Hello Legion,
On 3/3/2025 6:30 PM, Alexey Gladkov wrote:
On Tue, Feb 25, 2025 at 12:57:37PM +0100, Oleg Nesterov wrote:
On 02/24, Oleg Nesterov wrote:
Just in case, did you use
https://git.kernel.org/pub/scm/utils/rt-tests/rt-tests.git/tree/src/hackbench/hackbench.c
?
Or did you use another version?
Exactly what parameters did you use?
If possible, please reproduce the hang again. How many threads/processes
sleeping in pipe_read() or pipe_write() do you see? (you can look at
/proc/$pid/stack).
Please pick one sleeping writer, and do
$ strace -p pidof_that_write
this should wake this writer up. If a missed wakeup is the only problem,
hackbench should continue.
The more info you can provide the better ;)
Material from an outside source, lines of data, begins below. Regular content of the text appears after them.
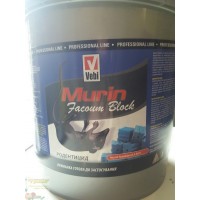 Родентицид Мурин факум блок, 5 кг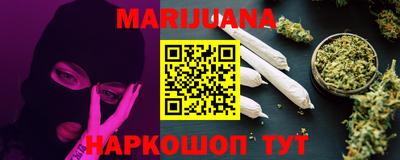 героин Чебаркуль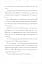 Skulduggery Pleasant. Playing with Fire. Book 2 - мініатюра 5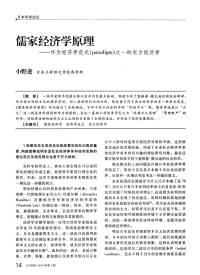 儒家经济学原理——作为经济学范式(paradigm)之一的东方经济学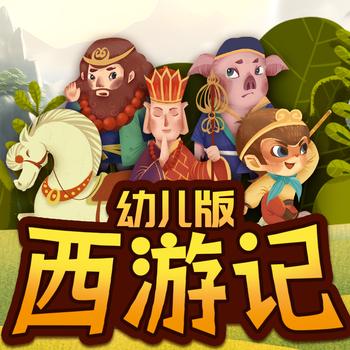 幼儿版西游记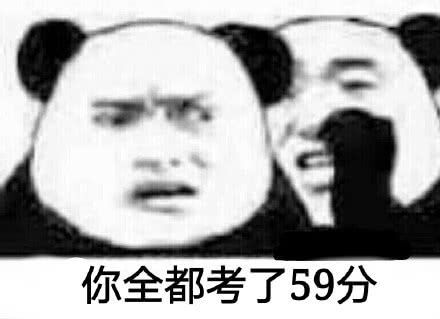 你全都考了59分斗图吧gif搞笑图片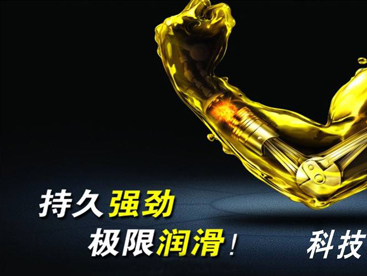 旺利通潤(rùn)滑油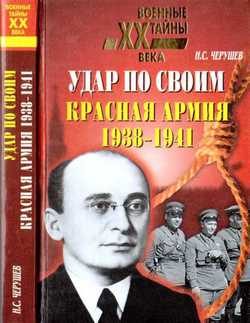 Обложка книги «Удар по своим: Красная Армия: 1938-1941 гг.»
I was also able to reproduce the hackbench hang with the parameters
mentioned earlier (threads and processes) on the kernel from master.
Thank you for reporting your observations!
If you are able to reproduce it reliably, could you please give the
below diff posted by Swapnil from the parallel thread [1] a try:
diff --git a/fs/pipe.c b/fs/pipe.c
index ce1af7592780..a1931c817822 100644
--- a/fs/pipe.c
+++ b/fs/pipe.c
@@ -417,9 +417,19 @@ static inline int is_packetized(struct file *file)
/* Done while waiting without holding the pipe lock - thus the READ_ONCE() */
static inline bool pipe_writable(const struct pipe_inode_info *pipe)
{
- unsigned int head = READ_ONCE(pipe->head);
- unsigned int tail = READ_ONCE(pipe->tail);
unsigned int max_usage = READ_ONCE(pipe->max_usage);
+ unsigned int head, tail;
+
+ tail = READ_ONCE(pipe->tail);
+ /*
+ * Since the unsigned arithmetic in this lockless preemptible context
+ * relies on the fact that the tail can never be ahead of head, read
+ * the head after the tail to ensure we've not missed any updates to
+ * the head. Reordering the reads can cause wraparounds and give the
+ * illusion that the pipe is full.
+ */
+ smp_rmb();
+ head = READ_ONCE(pipe->head);
return !pipe_full(head, tail, max_usage) ||
!READ_ONCE(pipe->readers);
---
We've been running hackbench for a while now with the above diff and we
haven't run into a hang yet. Sorry for the troubles and thank you again.
[1] https://lore.kernel.org/all/03a1f4af-47e0-459d-b2bf-9f65536fc2ab@xxxxxxx/
--
Thanks and Regards,
Prateek